In model theory, Vaught’s Test (also known as the Łoś–Vaught test) determines whether certain \mathcal{L}-theories T are complete. It states that if T is satisfiable, has no finite models, and is \kappa-categorical for some \kappa \geq |\mathcal{L}|, then T is complete.

Proof outline Assume T isn’t complete. Then there’s a sentence \phi such that T \nvDash \phi, T \nvDash \neg \phi, meaning T \cup \{\phi\}, T \cup \{\neg \phi \} are satisfiable, meaning both have infinite models (since T has no finite models), so by [172] we can find models \mathcal{M}, \mathcal{N} of cardinality \kappa which respectively satisfy these theories.
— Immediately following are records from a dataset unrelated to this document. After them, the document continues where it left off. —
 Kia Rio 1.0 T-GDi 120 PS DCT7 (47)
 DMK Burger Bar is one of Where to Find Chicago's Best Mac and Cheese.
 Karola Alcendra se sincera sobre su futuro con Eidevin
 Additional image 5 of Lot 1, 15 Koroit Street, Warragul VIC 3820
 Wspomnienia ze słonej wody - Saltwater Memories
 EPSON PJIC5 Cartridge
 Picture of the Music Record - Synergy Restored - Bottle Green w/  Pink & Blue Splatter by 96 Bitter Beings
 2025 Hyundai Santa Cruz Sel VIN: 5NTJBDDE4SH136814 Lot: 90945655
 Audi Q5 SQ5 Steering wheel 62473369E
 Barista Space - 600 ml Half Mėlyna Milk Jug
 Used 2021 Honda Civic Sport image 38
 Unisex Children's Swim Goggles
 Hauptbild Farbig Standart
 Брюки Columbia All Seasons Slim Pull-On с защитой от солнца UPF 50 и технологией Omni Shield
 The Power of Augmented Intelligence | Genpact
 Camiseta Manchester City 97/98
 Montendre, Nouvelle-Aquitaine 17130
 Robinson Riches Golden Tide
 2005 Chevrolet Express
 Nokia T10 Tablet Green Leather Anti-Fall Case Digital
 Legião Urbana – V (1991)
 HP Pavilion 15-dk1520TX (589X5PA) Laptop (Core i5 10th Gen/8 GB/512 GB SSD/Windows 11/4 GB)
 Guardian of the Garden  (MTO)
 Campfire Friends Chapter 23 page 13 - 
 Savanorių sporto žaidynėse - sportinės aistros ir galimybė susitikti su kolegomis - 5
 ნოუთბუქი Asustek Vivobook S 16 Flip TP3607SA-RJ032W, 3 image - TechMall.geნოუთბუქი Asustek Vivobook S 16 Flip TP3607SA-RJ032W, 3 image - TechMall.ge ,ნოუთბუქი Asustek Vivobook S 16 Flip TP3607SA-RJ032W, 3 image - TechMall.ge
But since \mathcal{M}, \mathcal{N} disagree on \phi, they are not elementarily equivalent and hence not isomorphic, contradicting the assumption that T is \kappa-categorical. Thus T must be complete.

172: Infinite Models of L-Theories (Variation of Lowenheim-Skolem)

Suppose \mathcal{L} is a first-order language and T is an \mathcal{L}-theory with an infinite model. Then for every infinite cardinal \kappa \geq |\mathcal{L}|, T has a model of cardinality \kappa.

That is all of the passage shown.